Effect of high glucose on expression of PEDF, Kir4.1, and GLAST; glutamate uptake activity; and oxidative stress in retinal Müller cells. (A) PEDF, Kir4.1, and GLAST expression in cells incubated in 5 and 25 mM glucose-containing media for 24 hours was measured by Western blot analysis. Each measurement was performed in triplicate for each of four separate cell preparations. Western blot analysis of PEDF, Kir4.1, and GLAST was normalized by β-actin (mean ± SD, n = 4). (B) Relative mRNA expression of PEDF, Kir4.1, and GLAST was quantified by real-time RT-PCR (mean ± SD, n = 4; error bars, SD). The values obtained in 5-mM glucose treatments were assumed to represent 100% production. (C) A glutamate uptake assay was performed by using the scintillation counting method to determine 3H-glutamate content of the lysates (mean ± SD, n = 4; error bars, SD). (D) The generation of intracellular ROS was detected by the DCF method using carboxy-H2DCFDA, and GPx activity was measured with an assay kit. The values obtained in 5-mM glucose treatments were assumed to represent 100% production. All the results indicated that high glucose could significantly decrease expression of PEDF, Kir4.1, and GLAST; induce oxidative stress; and impair glutamate uptake in Müller cells. To rule out the effect of increased osmolarity, control incubations containing 20 mM mannitol were run simultaneously. Because of the data, the possible influence of high osmolarity was excluded (5 mM G, 5 mM glucose; 20 mM M, 5 mM glucose+20 mM mannitol; 25 mM G, 25 mM glucose).
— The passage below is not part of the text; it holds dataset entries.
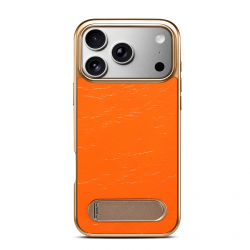 iPhone 17 Pro Orange Leather Case, Genuine SYL Cowhide
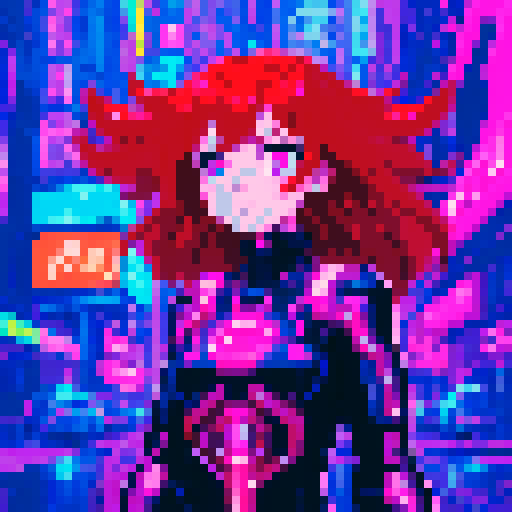 cute character with big, expressive eyes, long red hair, vibrant neon colors, futuristic cityscape filled with towering skyscrapers and holographic billboards, pixel art aesthetic, glowing neon signs reflecting off rain-soaked streets, characters wearing edgy, futuristic fashion, dramatic lighting casting long shadows, intricate circuitry and glowing cybernetic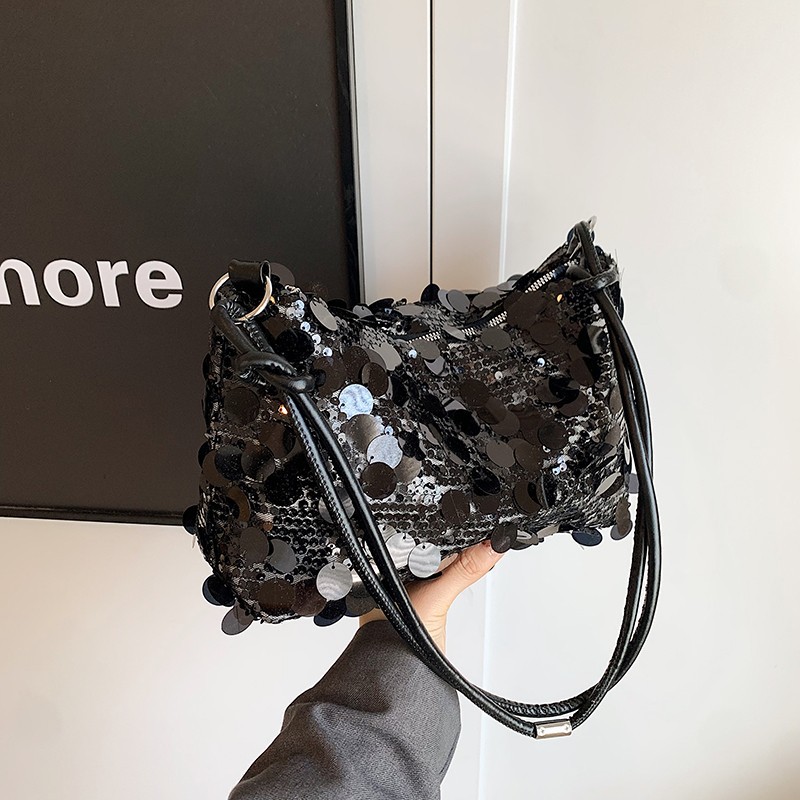 Niche design underarm bag 2024 new summer fashion sequined single-shoulder crossbody bag, stylish fashion bag cross-border full figure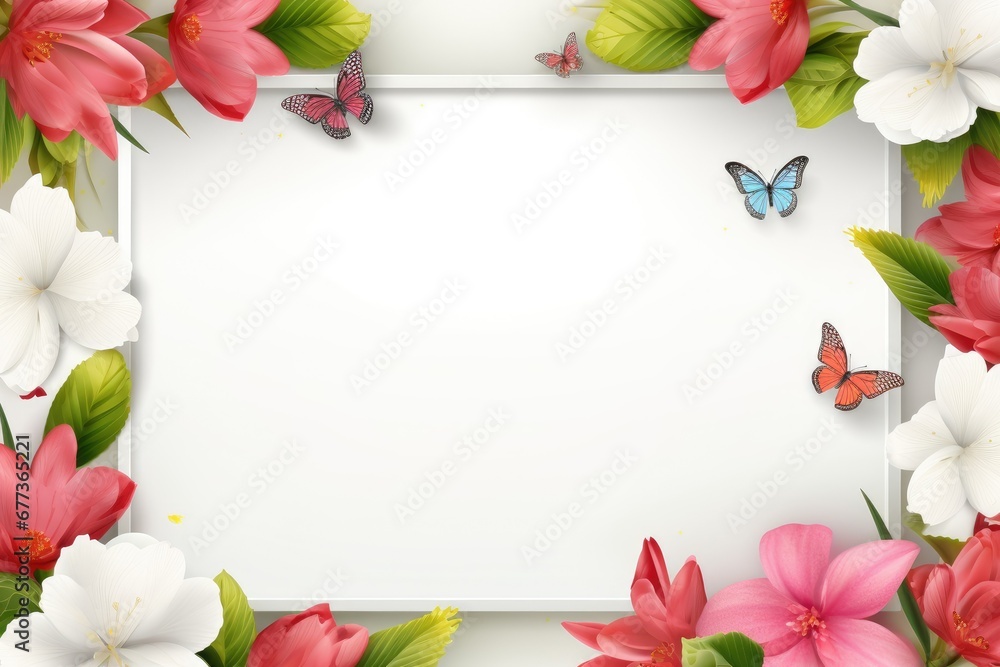 Stunning, colorful flower border with ample white space, a perfect template for cards, wedding invites, and diverse graphic designs.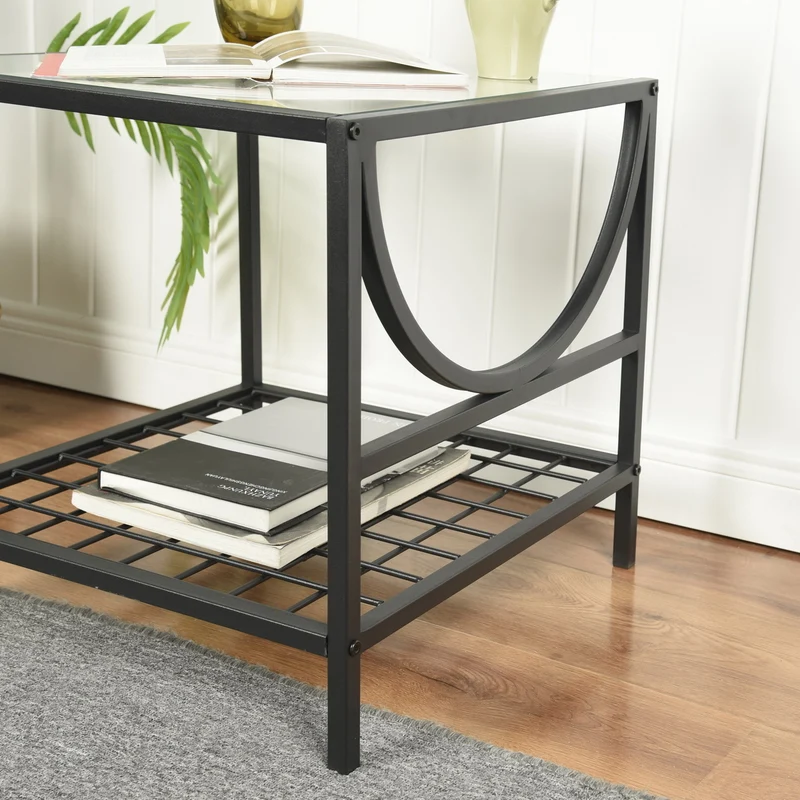 Bout de canapé moderne en verre et métal JANKIN END TABLE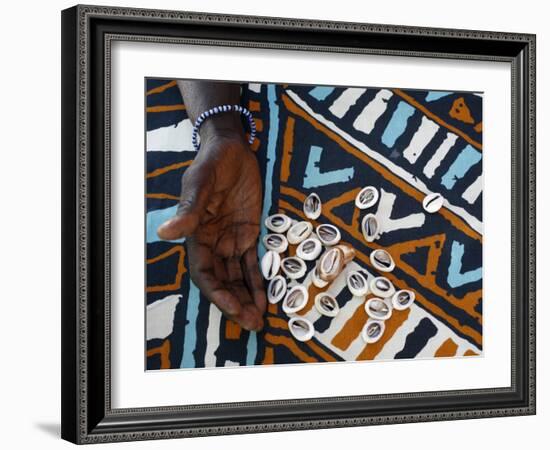 Fortune Telling with Cowrie Shells, Saly, Thies, Senegal, West Africa, Africa-Godong-Framed Photographic Print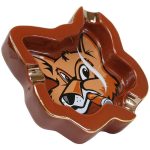 Fox Head Brown Ceramic Ashtray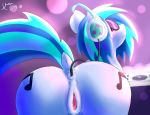  2018 abstract_background absurd_res anal anal_penetration animal_genitalia animal_pussy anus big_butt blue_hair blush butt clitoral_winking clitoris cutie_mark dock equine equine_pussy eyewear female feral friendship_is_magic hair headphones hi_res horn looking_up mammal multicolored_hair musical_note my_little_pony nude penetration puffy_anus purple_background purple_eyes pussy pussy_juice rear_view signature simple_background smile solo sunglasses turntable_(record_player) two_tone_hair unicorn vinyl_scratch_(mlp) xerawraps 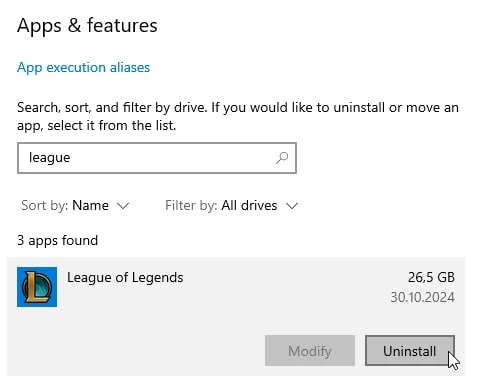 how to uninstall lol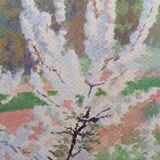 Cherry blossom branch. Gouache on signed paper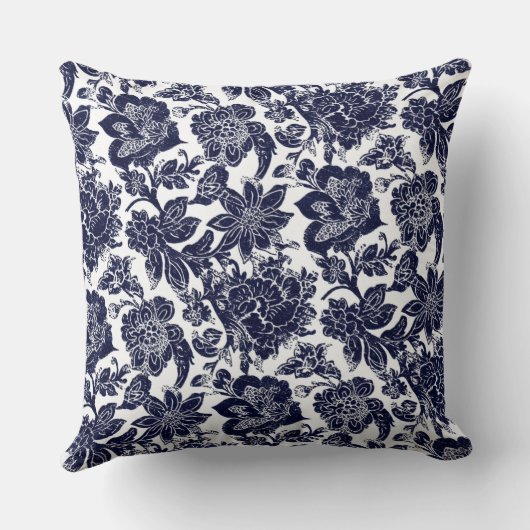 Blue White Throw Pillow クッション (裏面)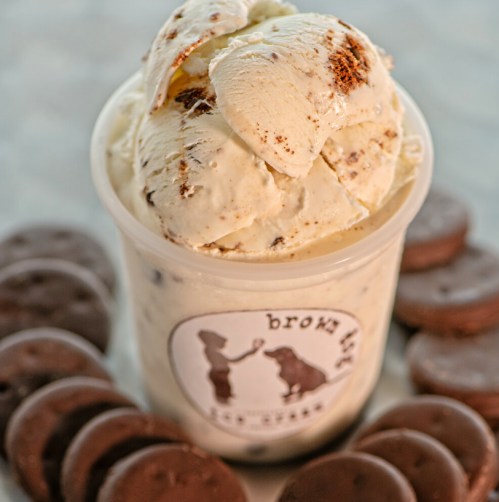 A cup of creamy ice cream topped with scoops, surrounded by chocolate cookies.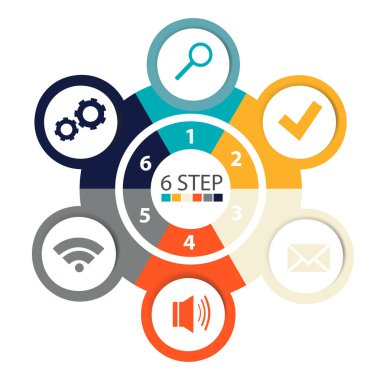 Modern dairesel infographics 6 adımları, segmentler için yıllık raporlar, grafikler, sunumlar, web tasarım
We investigated the effect of high glucose on glutamate uptake activity in retinal Müller cells. Data from a glutamate uptake assay (Fig. 2C) showed that high glucose decreased l-[2,3-3H] glutamate uptake activity from 606 ± 69.59 cpm/min/mg protein in control cultures to 415 ± 46.23 cpm/min/mg protein in high-glucose–treated cultures (P < 0.01). 
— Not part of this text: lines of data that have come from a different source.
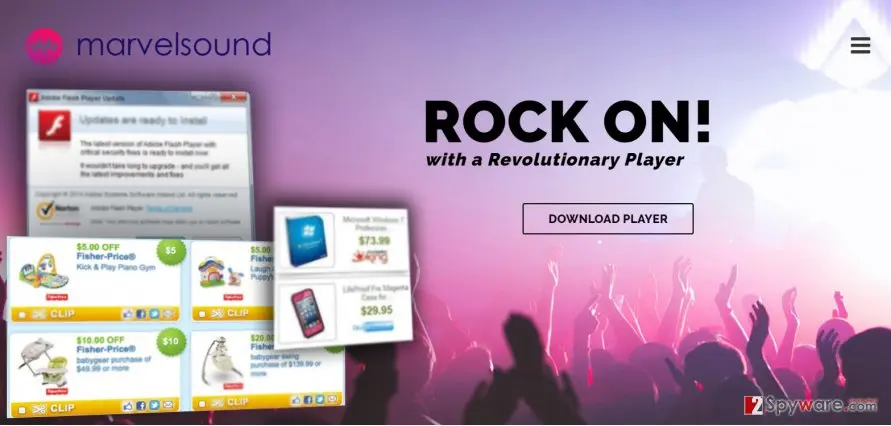 Screenshot of MarvelSound ads: screenshot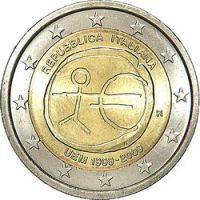 Италия 2 евро 2009г. /10-летие Экономическому и валютному союзу/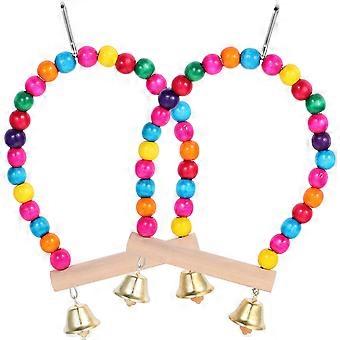 Bird Cage Decor Wood Bird Chewing Toy for Parrot Use 2Pcs Swing Stand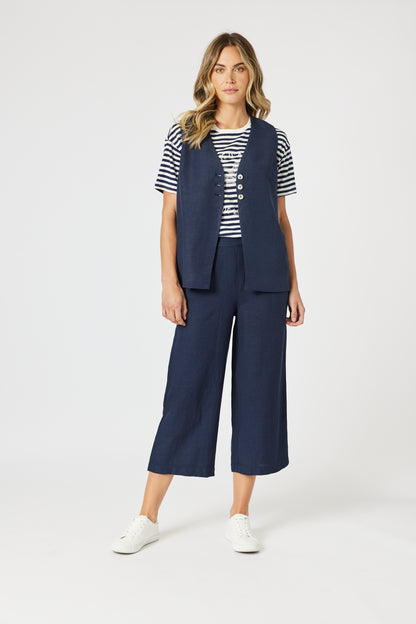 Lino Wide Leg Pant Navy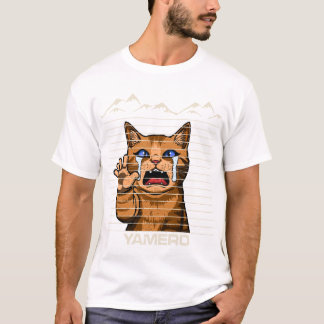 Yamero Anime Cat Funny Retro Crying Meme T-Shirt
To determine oxidative stress in high-glucose conditions, ROS generation and GPx activity were measured. As shown in Figure 2D, the generation of intracellular ROS in Müller cells increased significantly, and GPx activity in Müller cells decreased obviously after treatment with 25 mM high glucose compared with 5 mM normal glucose (P < 0.01). 
To exclude the possible influence of high osmolarity on expression of PEDF, Kir4.1, and GLAST and glutamate uptake activity and oxidative stress in retinal Müller cells, control incubations containing 20 mM mannitol were run simultaneously. Because of the data, the possible effects of increased osmolarity were ruled out (Fig. 2). 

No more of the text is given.